Jefferies modernizes equity research at scale with Databricks and agentic analytics

How Jefferies gives hundreds of analysts natural-language access to multi-source research, powered by AI/BI Genie.

Databricks and Jefferies logos

Published: March 2, 2026

Customers10 min read

Summary

  • Jefferies uses Databricks AI/BI Genie and agentic analytics to help 250+ analysts answer open-ended research questions across multiple data sources.
  • Complex research that once took days or weeks is now completed in minutes, combining self-service speed with embedded domain expertise.
  • Built directly on Databricks and governed by Unity Catalog, the solution scales globally without duplicating data, tools, or access controls.

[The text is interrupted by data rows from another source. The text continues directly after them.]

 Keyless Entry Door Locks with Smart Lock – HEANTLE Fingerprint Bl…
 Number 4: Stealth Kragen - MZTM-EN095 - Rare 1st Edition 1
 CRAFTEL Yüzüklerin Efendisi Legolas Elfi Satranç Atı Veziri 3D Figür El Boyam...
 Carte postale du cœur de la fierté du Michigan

Equity research is a game of breadth and conviction.

At Jefferies, the global equity research organization covers roughly 3,500 companies across sectors and geographies, with analysts based in the US, EMEA, and APAC. That scale is a competitive advantage, but it also creates a familiar challenge for any research organization working with an expanding universe of third-party and internal datasets.

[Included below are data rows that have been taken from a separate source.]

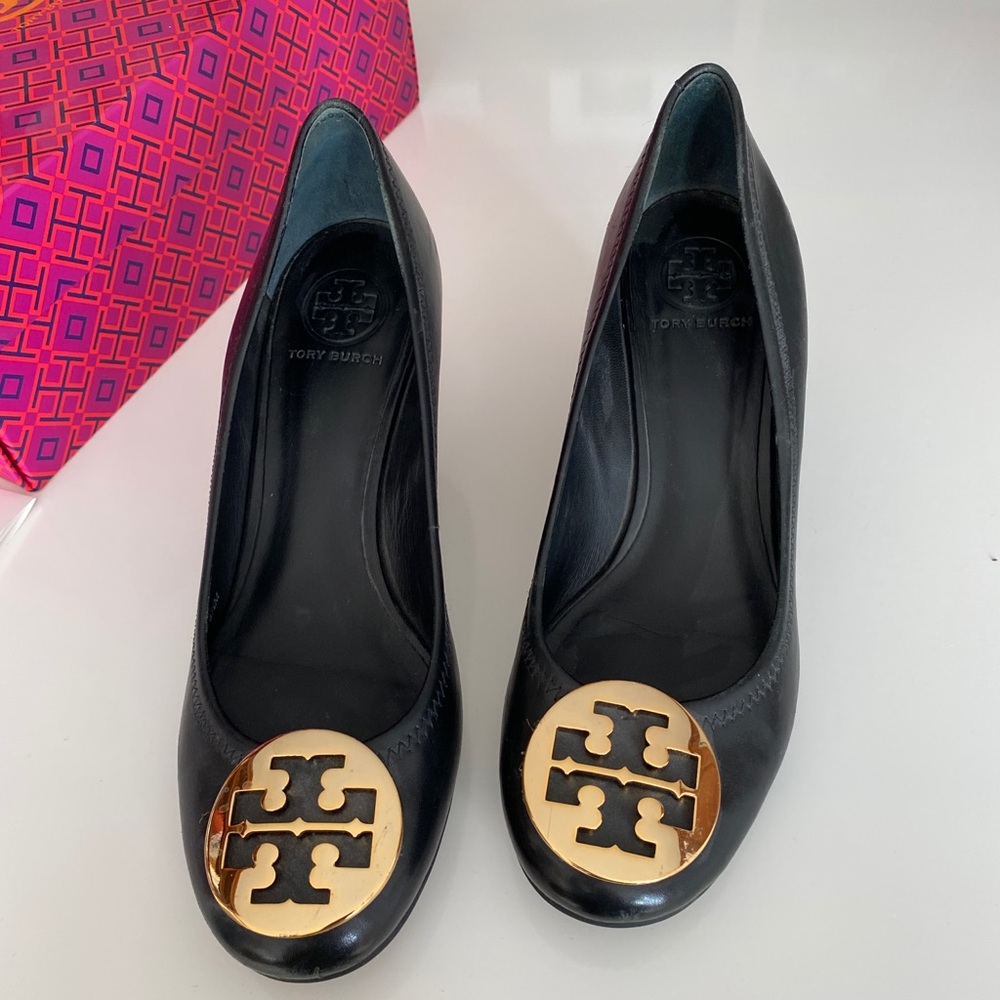 Tory Burch Black wedge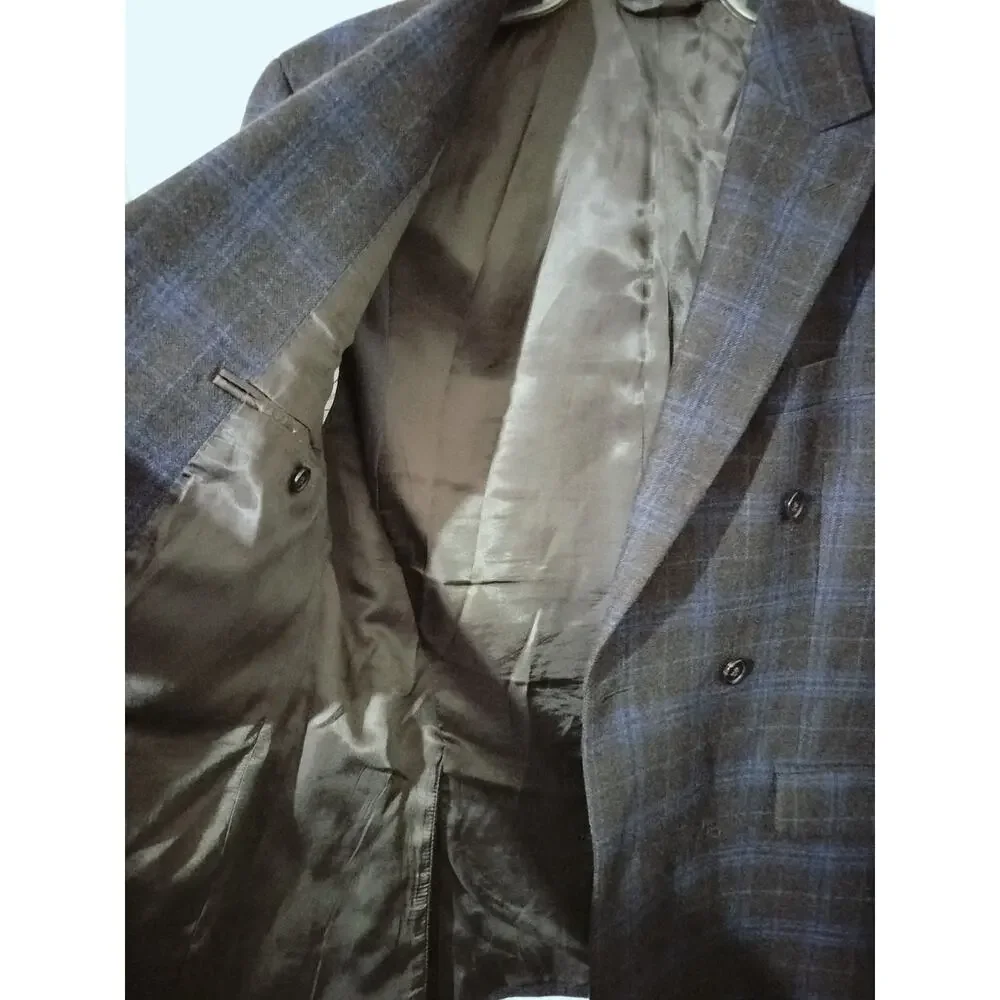 M1251) Lauren Ralph Lauren Wool Blend Double Breasted Smart Casual Jacket 36S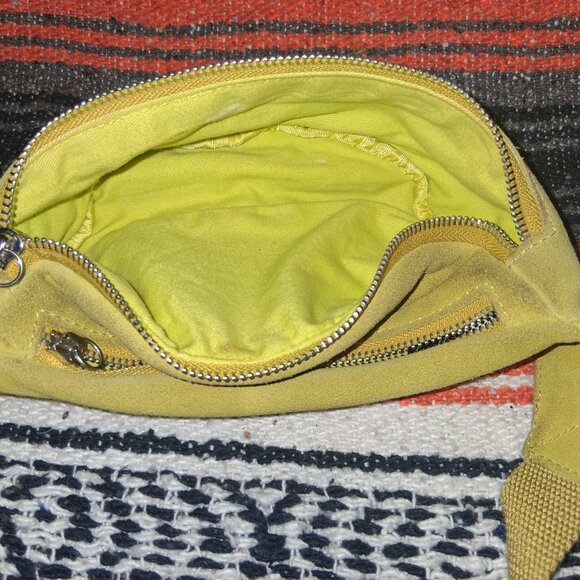 Urban Outfitters Suede fanny Pack in Chartreuse - Picture 3 of 8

“Our analysts have to synthesize signals across an enormous universe of companies, industries, and data sources,” said Ethan Geismar, Head of Data & AI, Equity Research at Jefferies. “Our goal is to help them turn that complexity into differentiated and actionable investment advice for our clients.”

The questions analysts ask are rarely narrow or prescriptive. They are open-ended, domain-specific, and framed in the language of markets and fundamentals, not in terms of which dataset to query or which table to join. For example, analysts ask questions like “What’s the demand and outlook for fast-casual restaurants?” or “How are foot traffic and app downloads trending across the brands I cover?” 

In a field where investment decisions hinge on confidence, a single signal is rarely enough. Analysts need corroboration across multiple independent sources to build conviction.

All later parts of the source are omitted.